David Foster Wallace

 

Before jumping into the heart of Vritti blogs, I’d like to touch on reading and why it’s important. It’s easy to say reading and books are at risk of going extinct in the age of the internet and smart phones, but that’s nothing new – I suspect people have been predicting the end since the first “motion pictures” came on the scene. Books will never go away – they’re too important.

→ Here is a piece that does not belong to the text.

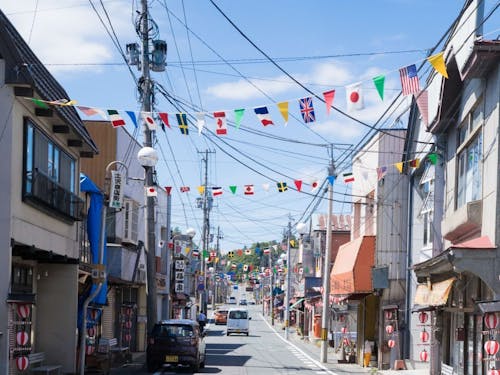 花巻市東和町の街並み。万国旗はこのまちのいつもの風景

That said, their prevalence does seem to be shrinking, and it’s no wonder why. Compared to watching Netflix or playing video games in terms of an effort-to-pleasure ratio, Netflix wins every time – it’s not even close. It takes practically no effort, is extremely entertaining, and is only getting better as there are some seriously good writers and studios creating top-notch content. When it all comes together with the music, sets, cinematography, etc. it can really be a memorable experience, I don’t want to brush that off. I mean c’mon, The Dark Knight?? Who doesn’t want to spend an afternoon crushing episodes of The Office.

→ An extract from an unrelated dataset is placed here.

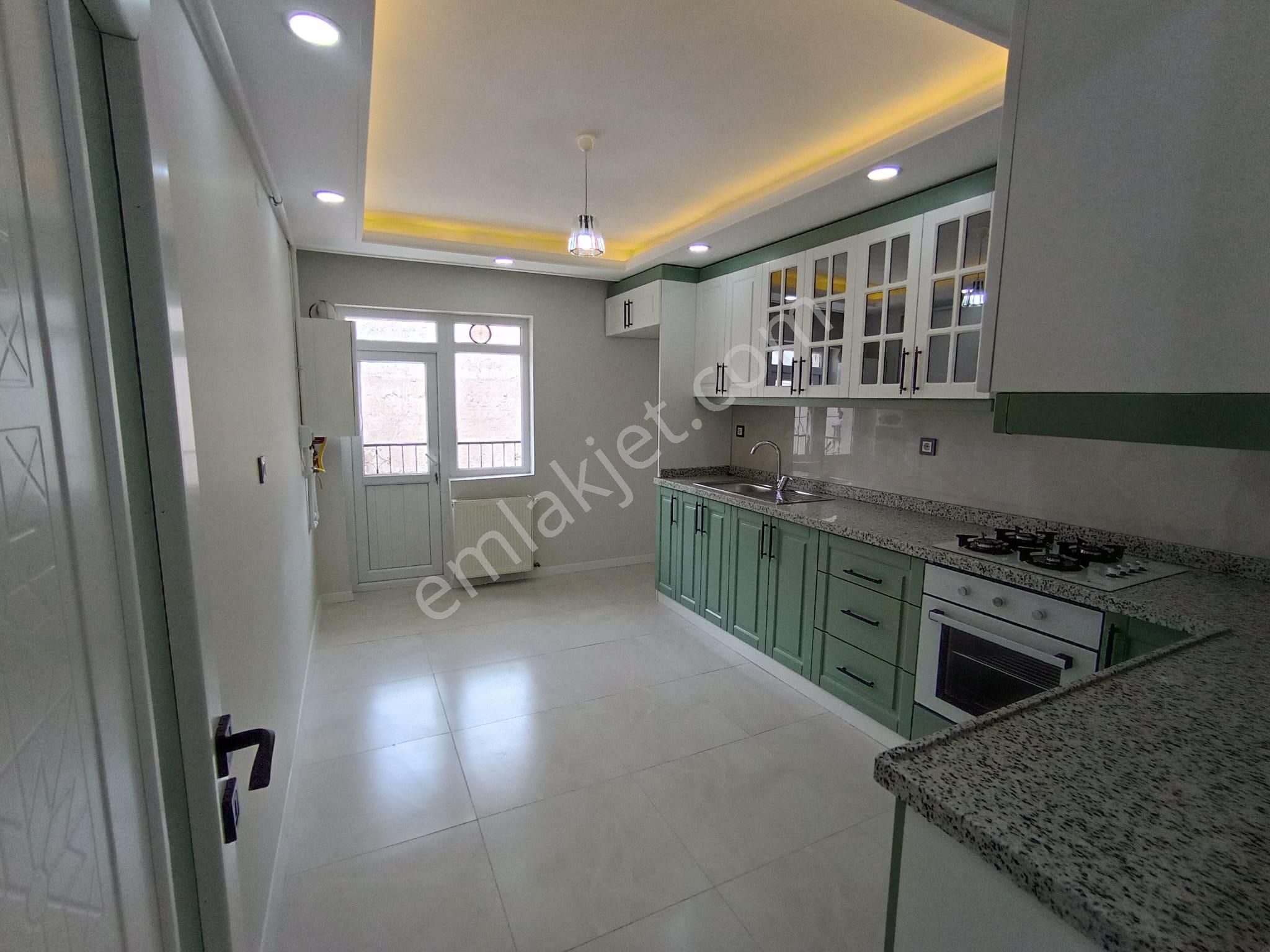 Sincan Plevne Mahallesinde Salon Bağımsız 3+1 Satılık Daire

But there is that matter of effort and pleasure…and how when you make the effort and invest yourself into something meaningful, it’s not just about getting a good feeling out of it – it transforms you for the better. Reading books can do that.

Based on my own and others experience, there are five reasons why you should take the time and read a book.

 

Connection, Thoughts, and Emotions

 

“Some books seem like a key to unfamiliar rooms in one’s own castle.”

Franz Kafka

 

Books help process our thoughts and emotions. Sometimes all it takes is one sentence to be the last puzzle piece that brings the whole picture together.

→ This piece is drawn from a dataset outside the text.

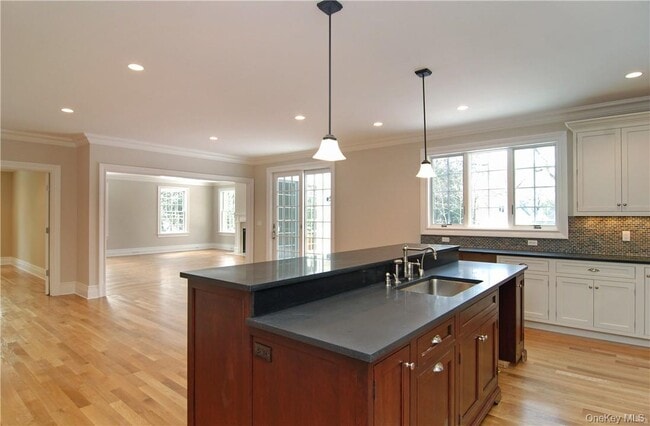 Building Photo - 9 Oak Way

Good books (and I’m clarifying because there are plenty of bad books that don’t do any of this stuff) help you understand and work through confusion, or sadness, or frustration, or fear largely because they remind you that you aren’t the only one feeling this way.

Part of the problem may be you don’t know what the problem is, and finally someone describes exactly what you’ve been thinking but couldn’t quite put into words. Even though you’re not interacting directly with the author, you build a connection with them for having been through it together. You might start to think who else in your life feels that way too.

 

“There’s this part that makes you feel full. There’s this part that is redemptive and instructive, [so that] when you read something it’s not just delight – you go, “Oh my God, that’s me! I’ve lived like that, I’ve felt like that, I’m not alone in the world…”

DFW

 

Even if you don’t relate to a story directly, maybe it makes you feel a certain way – deeply. A rare occurrence when riding on the surface of day-to-day life. It’s our nature to feel strongly and to care. As much as we try to bury or cover it up, books can pierce to our core and reconnect us to our humanity.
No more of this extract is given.